La Revue Squire

La possibilité d’effectuer certaines démarches et déclarations en ligne sera bientôt ouverte aux créanciers et co-contractants des entreprises en difficulté


Rédigé par Alexandre Le Ninivin le 9 Septembre 2015

Publié à la mi-août, alors que tout un chacun – dont votre serviteur - prenait des vacances bien méritées, le décret n° 2015-1009 du 18 août 2015 aurait pu passer inaperçu, s’il n’avait été attendu depuis de nombreux mois par les praticiens « technophiles » que nous sommes.

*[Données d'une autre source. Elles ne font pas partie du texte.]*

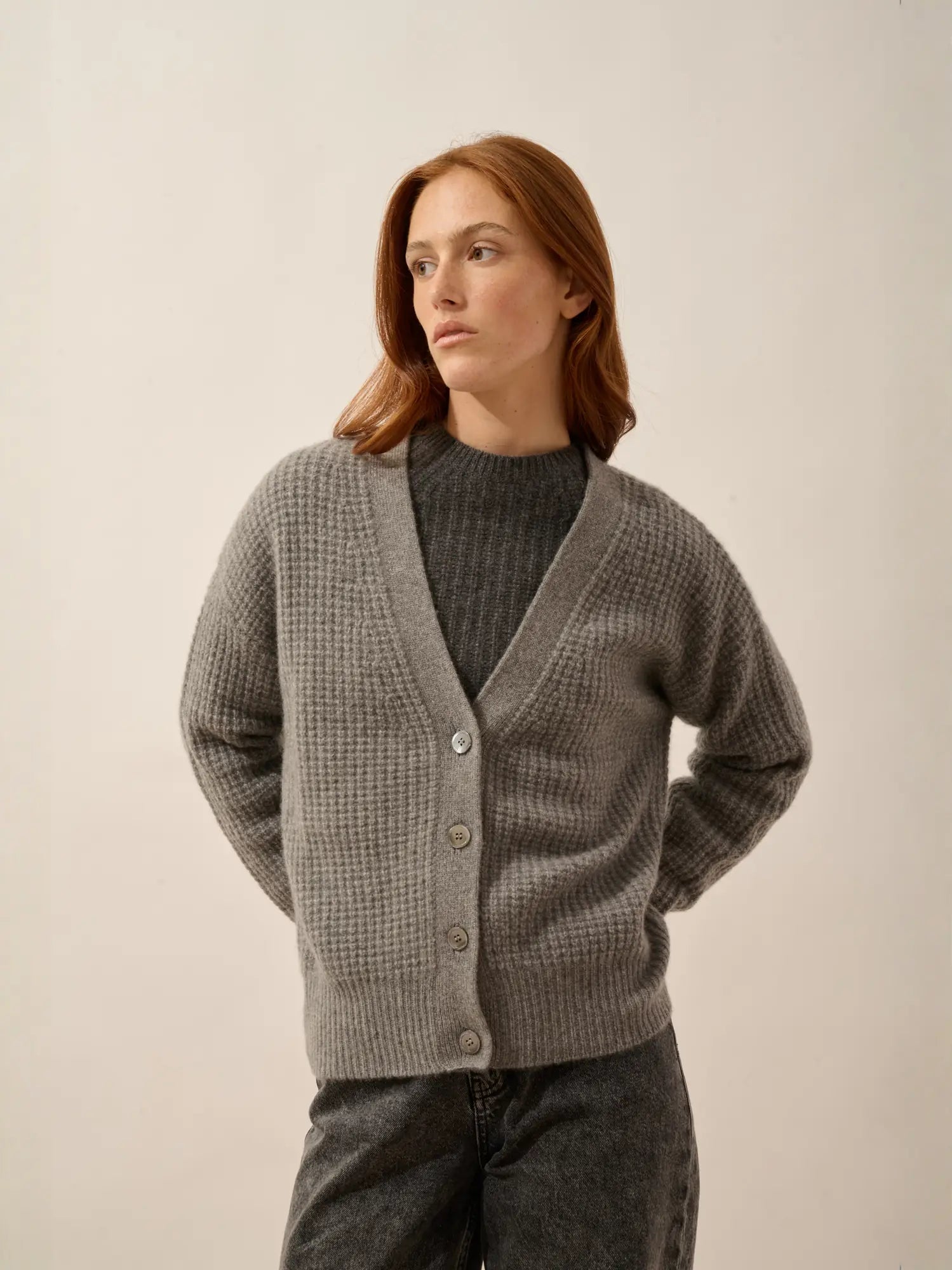 CLARA strickjacke v-ausschnitt 6-fädig flanelle meliert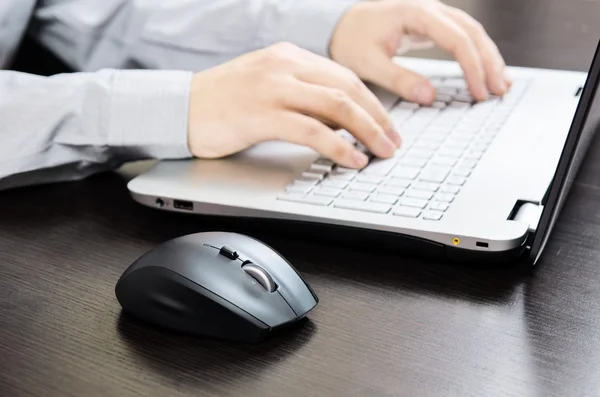 Man använder laptop med vit tangentbord. Arbetar på kontor — Stockfoto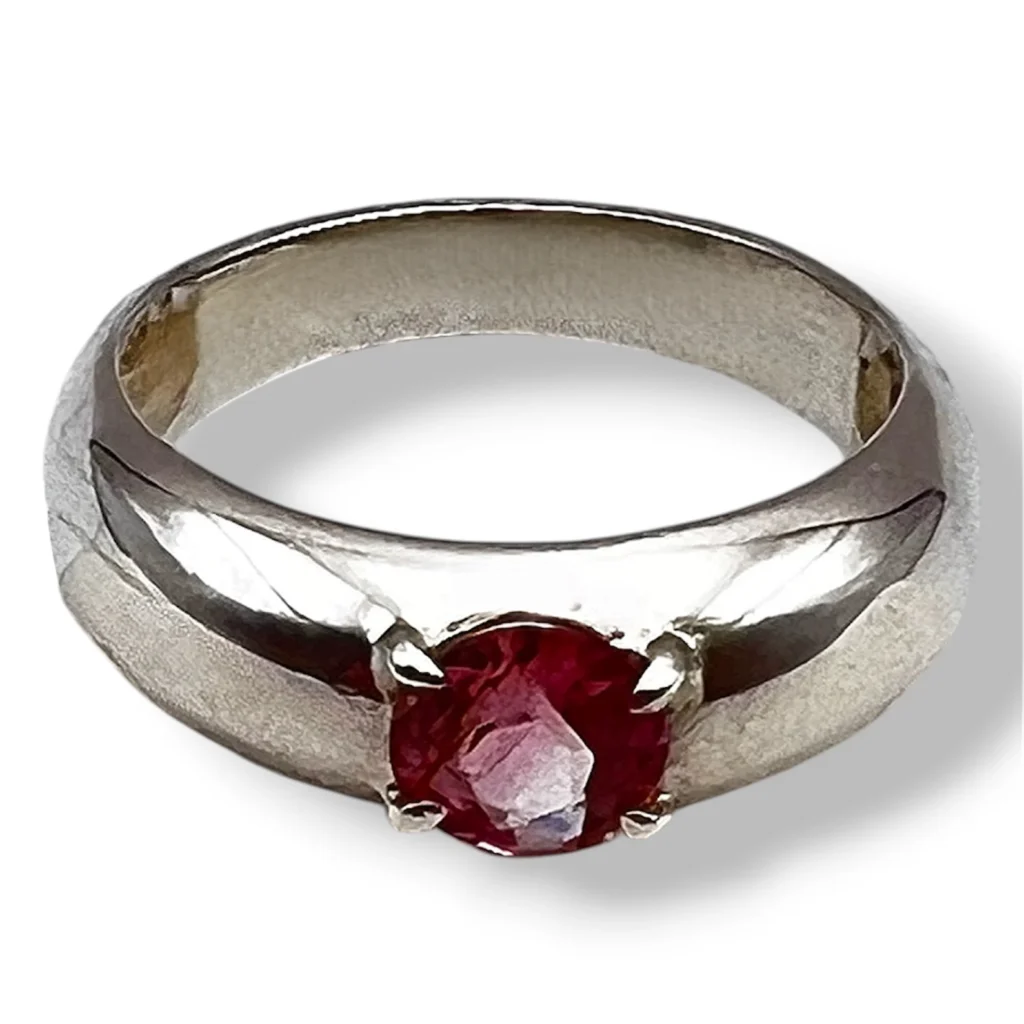 Anillo de Plata con Turmalina. Talla 9,5.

En effet, ce texte va provoquer une petite révolution dans le monde feutré des entreprises en difficultés, en permettant la mise en place d’un portail électronique offrant des services de communication sécurisés et autorisant à tout un chacun l’envoi et la réception d’actes de procédures dans leurs relations avec les mandataires désignés dans le cadre de procédures collectives.
 
Si certains échanges de données étaient déjà dématérialisés, notamment l’accès aux data room dans le cadre des opérations de cession à la barre, ce décret permet de franchir une étape importante pour mettre la pratique des procédures collectives en phase avec son temps.
 
Cette réforme trouve son origine dans la loi n° 2011-331 du 28 mars 2011, dite de modernisation des professions judiciaires ou juridiques et certaines professions règlementées, qui avait prévu aux articles L814-2 et L814-13 du Code de Commerce qu’au plus tard le 1er janvier 2014, le Conseil National des Administrateurs Judiciaires et Mandataires Judiciaires (CNAJMJ) devrait mettre en place, sous sa responsabilité, un portail électronique offrant des services de communication électronique sécurisés en ligne avec les activités des deux professions.
 
Au regard de l’importance de cette évolution, il aura finalement fallu attendre l’été 2015 pour que le décret d’application soit publié.
 
Si nous ne disposons pas encore d’indications précises sur les fonctionnalités exactes du portail (ce qui fera l’objet d’un article ultérieur) le décret nous permet déjà d’indiquer que seront principalement concernées :

  • les déclarations de créances prévues à l’article L622-24,
  • les contestations de créances prévues à l’article L622-27,
  • les demandes d’informations des contrôleurs prévues à l’article R621-19,
  • la liste des créances de chaque créancier établie par le débiteur dans le cadre des procédures de sauvegarde accélérée prévu à l’article L628-7,
  • la déclaration des créances des dommages et intérêts prévues à l‘article L622-13 et L641-11-1,
  • la mise en demeure adressée à l’administrateur ou liquidateur concernant la poursuite des contrats en cours conformément aux articles L622-13 ou L641-11-1,
  • la réponse faite à cette mise en demeure par l’administrateur ou le liquidateur dans le délai prévu aux articles L622-13 ou L641-11-1,
  • Les revendications et demandes de restitutions outre l’acquiescement et la contestation de l’administrateur ou du liquidateur prévues aux articles L 624-17 et L641-14-1.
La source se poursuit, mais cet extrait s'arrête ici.